Virus adaptation. (a) Coverage of MinION sequencing reads. Full genome coverage was achieved for both Wash1 : P6 (top) and Munich : P3 (bottom) virus stocks. Sequencing reads were aligned against the published Wash1 genome sequence (MN985325). The number of mapped reads are depicted on the y-axis with the nucleotide position within the SARS-CoV-2 assembly on the x-axis. (b) The S1/S2 region (genome positions 23603–23647; S amino acid positions 681–695) of the S protein including the furin cleavage signal (RRAR). Red and black lines indicate the putative S1 and S2 subunits, respectively, generated after cleavage. (c) Alignment showing representative, individual, mapped reads from the Wash1 : P6 MinION sequencing (genome positions 23561–23660) to illustrate the diversity present in the nucleotide sequence coding for the furin cleavage signal region of the S protein. The reference sequence is shaded yellow and variable regions are shaded pink. The sequence logo at the bottom depicts the consensus sequence (letters) and its frequency (bar height). (d) Alignment showing the amino acid translations (S amino acid positions 667–699) of the nucleotide sequences in (c) to illustrate the diversity present in the amino acid sequence of the furin cleavage signal (RRAR) region of the S protein. Red and black lines indicate the putative S1 and S2 subunits, respectively, generated after cleavage. The reference sequence is shaded yellow and variable regions are shaded pink. The sequence logo at the bottom depicts the consensus sequence (letters) and its frequency (bar height). (e) Table showing the frequencies of each individual variant present in all mapped reads covering genome positions 23561–23660 in the Wash1 : P6 MinION sequencing. The first row contains the wild-type sequences and red and black text indicates the putative S1 and S2 subunits, respectively, generated after cleavage. Lower case nucleotide sequences indicate point mutations and – indicates nucleotide/amino acid deletions. Several different nucleotide variants gave rise to the same amino acid variant, denoted by ⁽¹⁾.

Table 3.

Summary of single nucleotide changes with a frequency of 25 % or greater in the spike proteins of Munich : P3 and Wash1 : P6 virus stocks determined by Oxford Nanopore cDNA-PCR sequencing

	Reference position	Reference*	Change	Read count †	Coverage ‡	Frequency (%)§	Protein effect
Munich : P3	21 640	T	A	199	243	81.89	synonymous
	22 665	T	C	14	49	28.57	L368P
	23 403	A	G	100	162	61.73	D614G
	23 618	A	G	58	217	26.73	S686G
	24 383	A	C	45	124	36.29	T941P
	25 075	C	T	6	17	35.29	synonymous
Wash1 : P6	21 640	T	A	1471	1952	75.36	synonymous
	22 529	A	G	174	696	25	T323A

*Reference sequence is CDC/2019n-CoV/USA_WA1/2020 (accession number: MN985325).

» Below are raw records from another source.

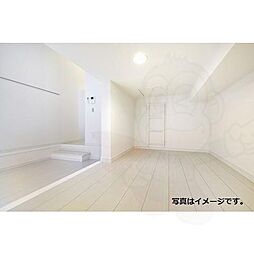 名古屋市営東山線 池下駅 徒歩14分の賃貸アパート 2階ワンルームのリビング/ダイニング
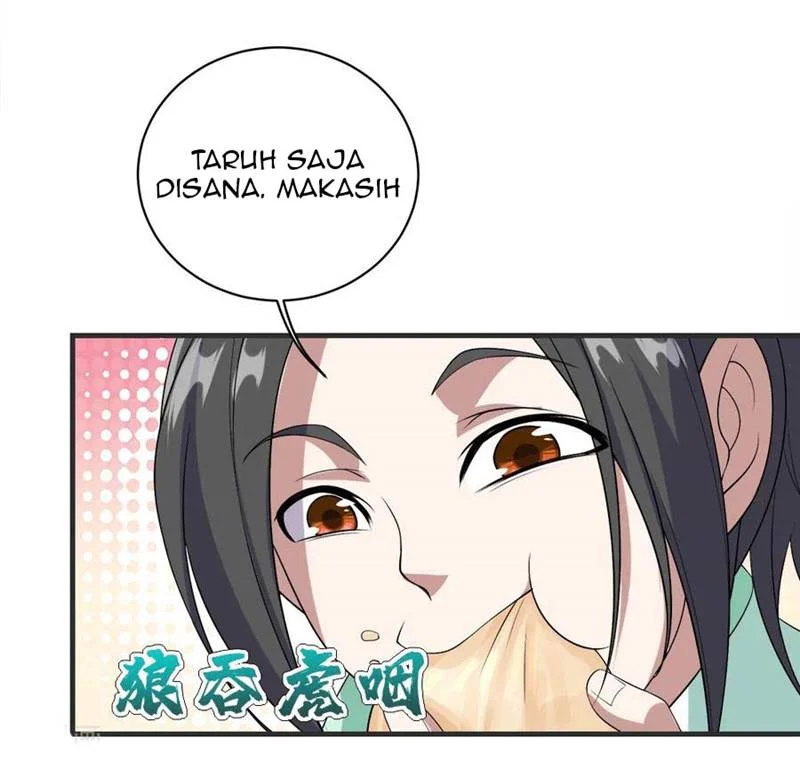 Matchless Emperor Chapter 67 Gambar 20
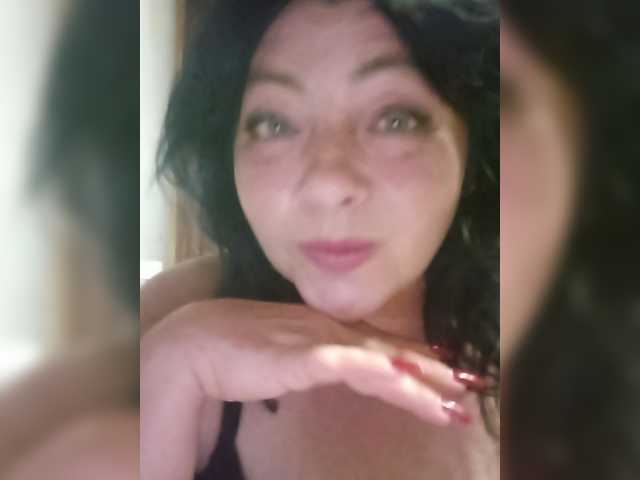 Tsukerocka live webcam show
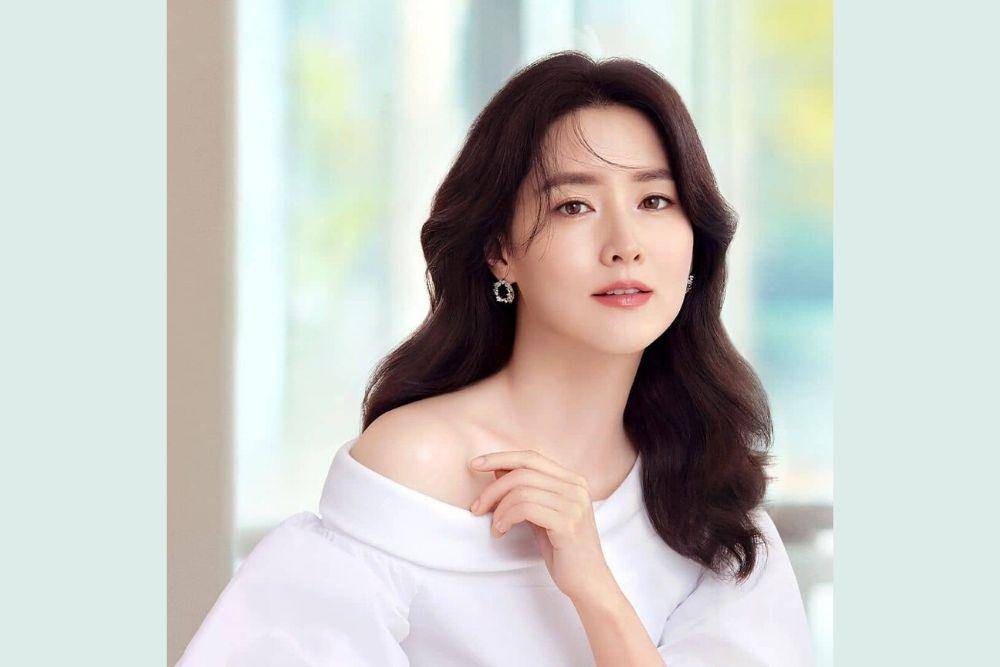 instagram.com/leeyoungae_official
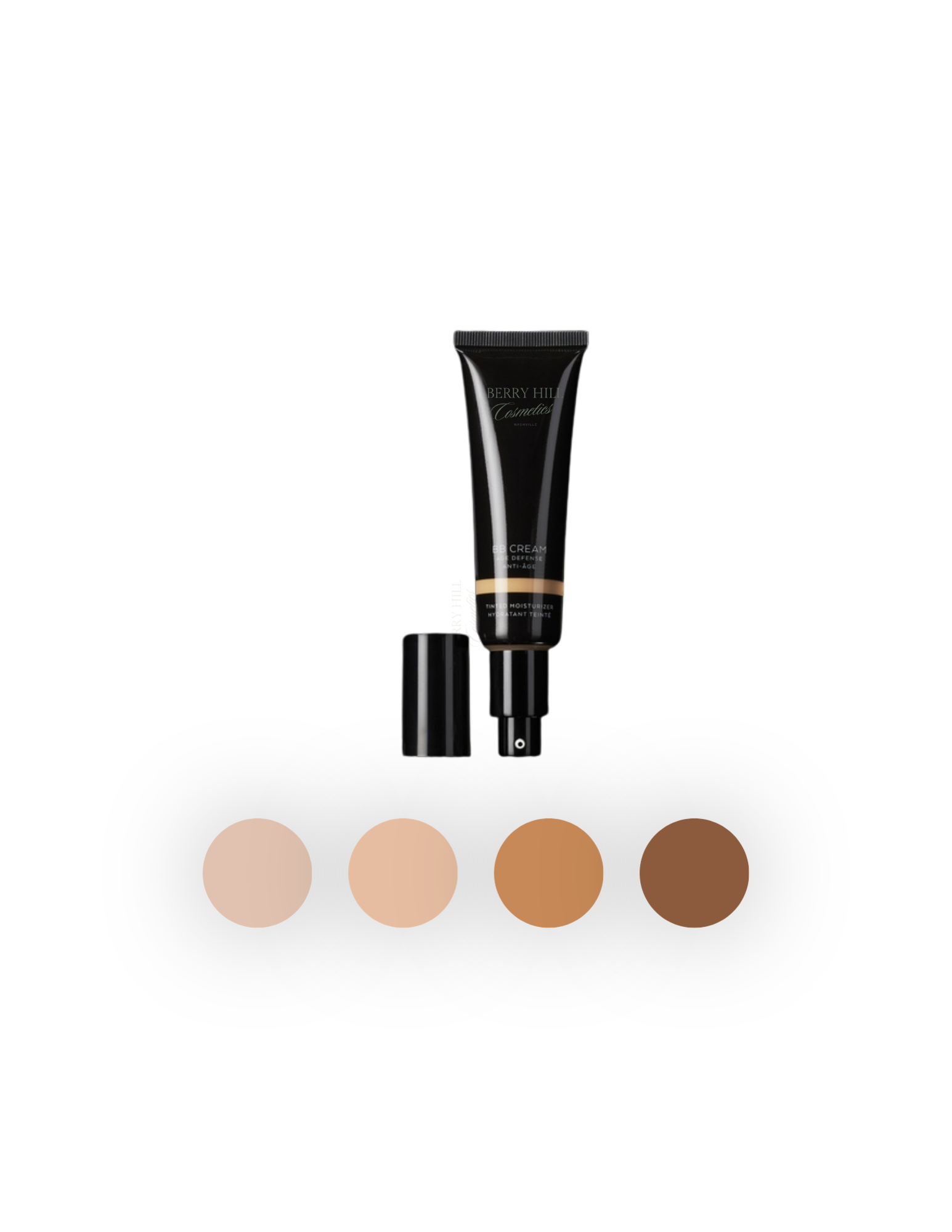 BB Cream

†Number of reads containing the change.

‡Total number of reads across the reference position.

§Frequency of the change.

Protein processing and localization

Since multiple deletions of the furin cleavage signal were present in the Wash1 : P6 virus stock, we analysed cleavage of the S protein biochemically by developing an immunoblot to examine whole-cell lysates prepared from virus-infected Vero E6 cell monolayers (Fig. 3a). As expected the S protein from Wash1 : P6 stock containing the deletions was uncleaved. However, the S protein was also uncleaved for a Wash1 : P5 stock, in which the cleavage signal was intact (Fig. 1a). Similarly, the protein was not cleaved for either P2 or P3 Munich, for which the cleavage signal was intact (Fig. 1b). In contrast, an S protein expressed from a codon-optimized gene cloned into pCAGGS was cleaved efficiently (Fig. 3a, lane 2). An immunoblot performed using an antibody to the SARS-CoV-2 N protein on the same Vero E6 cell lysates showed similar expression levels for each virus infection (Fig. 3b).

Fig. 3.

Antibody studies. (a, b) Western blot analysis of SARS-CoV-2-infected Vero E6 cell lysates. Vero E6 cells were infected with Wash1 : P5 (lane 3) or P6 (lane 4) stock or Munich : P2 (lane 5) or P3 (lane 6) stock. Mock cell lysate prepared from cells transfected with a pCAGGS vector expressing EGFP (lane 1) and a lysate prepared from cells transfected with a pCAGGS vector expressing a codon-optimized S protein (lane 2) were included as a negative and positive control, respectively. SARS-CoV-2 S protein and the S2 subunit (a), and the N protein (b), were detected with a SARS coronavirus spike protein polyclonal antibody or SARS coronavirus N protein monoclonal antibody, respectively, and HRP-conjugated secondary. The predicted full-length S, S2 subunit and full-length N are indicated based on the marker sizes. Loading of cell lysates was adjusted to show equal levels of virus proteins. Equal amounts of protein were loaded for the pCAGGS EGFP control and pCAGGS S protein expression vectors. (c–e) Virus protein distribution in Munich : P3-infected Vero E6 cells at 24 h post-infection, visualized by immunodetection of N protein (c; green) or S protein (d and e; green) in permeabilized (c, e) or non-permeabilized (d) cells. Filamentous (f)-actin (d, e) and/or nuclei (c–e) were counterstained with phalloidin (red) and DAPI (blue), respectively. Areas marked by white boxes are shown at higher magnification in the insets (d, e). An arrow marks S protein distributed across the cell membrane of an infected cell (d). Scale bars represent 100 µm. (f) Virus protein distribution in permeabilized, Munich : P3-infected Vero E6 cells at 24 h post-infection, visualized by immunodetection with human serum (patient 3, day 14; Table 1; green). Nuclei were counterstained with DAPI (blue). The scale bar represents 100 µm. (g) Development of neutralizing antibodies against SARS-CoV-2 Munich : P3 virus stock in sequential human serum samples collected during the acute phase of COVID-19. Mean PRNT₈₀ values are joined by lines.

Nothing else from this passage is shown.